JAYAPURA, SUARAPAPUA.com— Aliansi Mahasiswa Papua (AMP, Aliansi Mahasiswa Pegunungan Tengah Papua Indonesia (AMPTPI) dan Fron Rakyat Indonesia West Papua (FRI-WP) gelar aksi memperingati New York Agreement pada 15 Agustus 2024 di depan Kedubes Amerika Serikat dan Istana Negara di Jakarta Pusat.
Aksi tersebut diawali di depan Kedubes Amerika, lalu long march ke Istana Arjuna, kemudian massa aksi dihadang aparat keamanan sehingga massa tertahan di patung kuda Jakarta Pusat
Ketua Aliansi Mahasiswa Papua Jeno Dogomo mengatakan New York Agreement yang dilakukan Amerika, Indonesia, Belanda dan PBB itu adalah perjanjian ilegal di atas tanah West Papua.

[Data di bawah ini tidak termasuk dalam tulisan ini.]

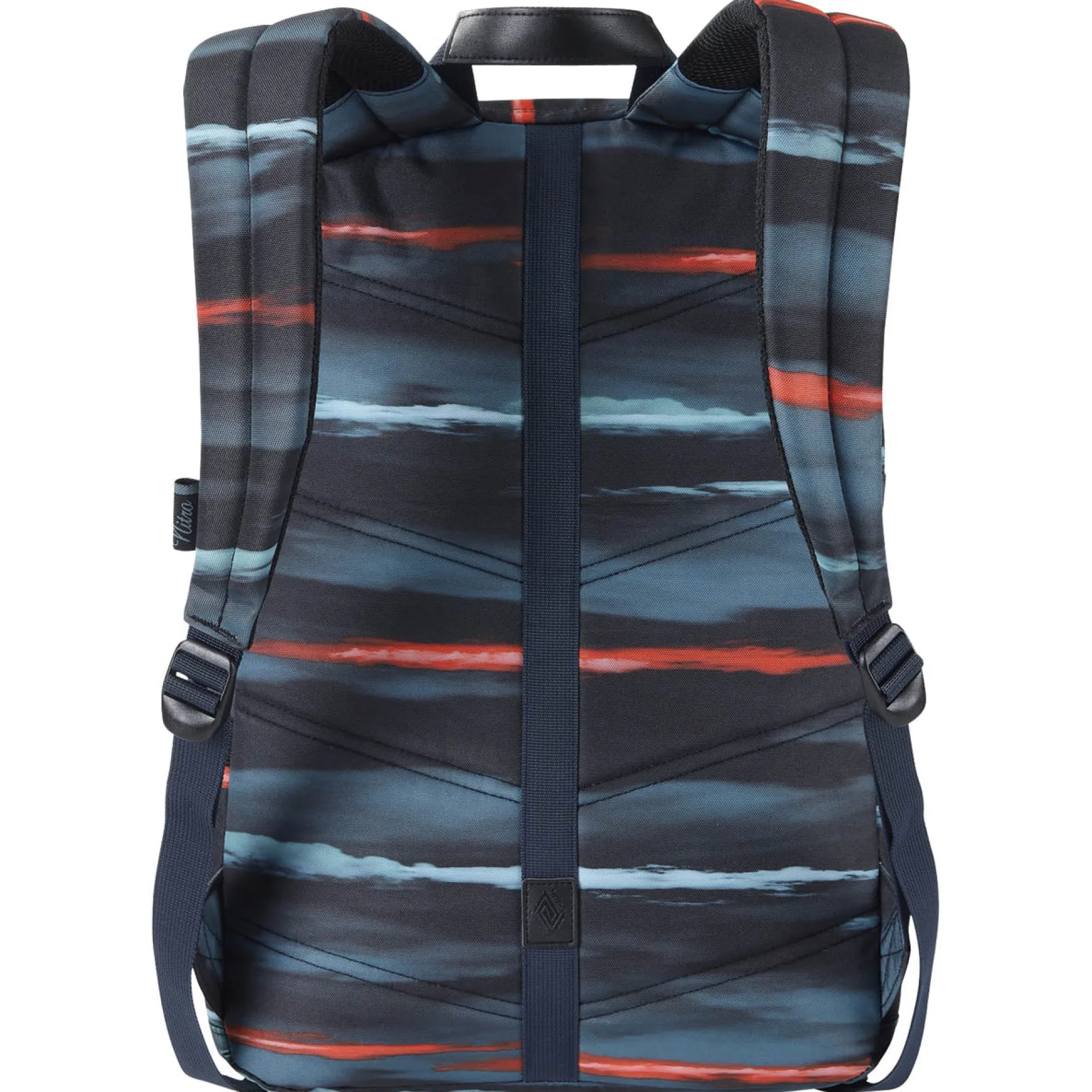 Urban Plus - Laptoprucksack 15" 46 cm (acid dawn)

“Sebab kesepakan yang dilakukan Amerika, Indonesia, Belanda dan PBB tanpa melibatkan orang Papua yang memilik tanah Papua. Mereka mengatur dan sepakati perjanjian yang mengatur masa depan nasib orang Papua, tetapi dikatan ilegal karena tidak melibatkan satupun perwakilan rakyat Papua. Dalam implementasinya yang seharusnya menggunakan mekanisme one man one vote, tetapi disederhanakan dan diubah seenaknya oleh Indonesia menjadi musyawarah mufakat.”
“Indonesia seharusnya mempersiapkan kemerdekaan Papua dengan dana 25 US dollar yang diberikan melalui Bank Asia selama 25 tahun, tetapi Indonesia malah menggunakan dana tersebut untuk melakukan operasi militer dan penumpasan gerakan perjuangan Papua yang mengisahkan banyak sekali korban.”

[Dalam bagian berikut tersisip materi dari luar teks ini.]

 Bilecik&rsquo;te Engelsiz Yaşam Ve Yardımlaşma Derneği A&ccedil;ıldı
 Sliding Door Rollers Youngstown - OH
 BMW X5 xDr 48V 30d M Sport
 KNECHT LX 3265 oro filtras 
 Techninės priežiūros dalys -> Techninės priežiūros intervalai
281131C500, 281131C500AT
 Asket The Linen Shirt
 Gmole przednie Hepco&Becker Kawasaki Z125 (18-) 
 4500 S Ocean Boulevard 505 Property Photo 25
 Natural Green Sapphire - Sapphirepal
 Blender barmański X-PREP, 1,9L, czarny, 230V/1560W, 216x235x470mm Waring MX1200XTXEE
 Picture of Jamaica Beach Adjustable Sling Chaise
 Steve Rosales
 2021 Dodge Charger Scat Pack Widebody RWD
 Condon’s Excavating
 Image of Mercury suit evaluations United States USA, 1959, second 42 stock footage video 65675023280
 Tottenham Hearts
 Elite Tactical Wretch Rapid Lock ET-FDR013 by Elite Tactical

“Dalam proses pelaksanaan penentuan pendapat rakyat (PEPERA) di mana dilakukan dibawah teror intimidasi, manipulatif, bahkan pembunuhan untuk memenangkannya. Oleh karena alasan – alasan tersebut maka New York Agreement kami katakan ilegal,” kata Dogomo.
Selain aksi memperingati New York Agreement, pihaknya juga peringati praktek rasisme yang negara lakukan secara struktural dan berkelanjutan hingga hari Ini.
Niko Zol, salah satu mahasiswa Papua dalam orasinya mengatakan bukti paling kelihatan adalah rasisme yang tumbuh subur ketika ujaran rasis ‘Monyet’ yang disampaikan oknum anggota TNI dan Ormas reaksioner terhadap mahasiswa Papua di Surabaya.
“Hal ini membuktikan bahwa rasisme adalah anak kandung penindasan dan kolonialisme yang dipelihara negara Indonesia demi mempertahankan pendudukan dan penjajahannya di tanah Papua,” kaya Zol.
Indonesia baru saya merayakan Hut kemerdekaan pada 17 Agustus 2024, namun penindasan Indonesia terhadap bangsa Papua masih terus terjadi bahkan semakin masif hari-hari Ini.
“Oleh sebab itu satu-satunya alternatif untuk menyelesaikan problem sejarah yang manipulatif serta rasisme yang struktural ini adalah dengan memberikan hak penentuan nasib sendiri bagi bangsa West Papua untuk menentukan hidup masa depan di tanahnya sendiri.”
“Sebagai manusia Papua yang lebih adil secara sosial, sejahtera secara ekonomi, mandiri secara budaya, dan demokratis secara politik,” pungkas Zol.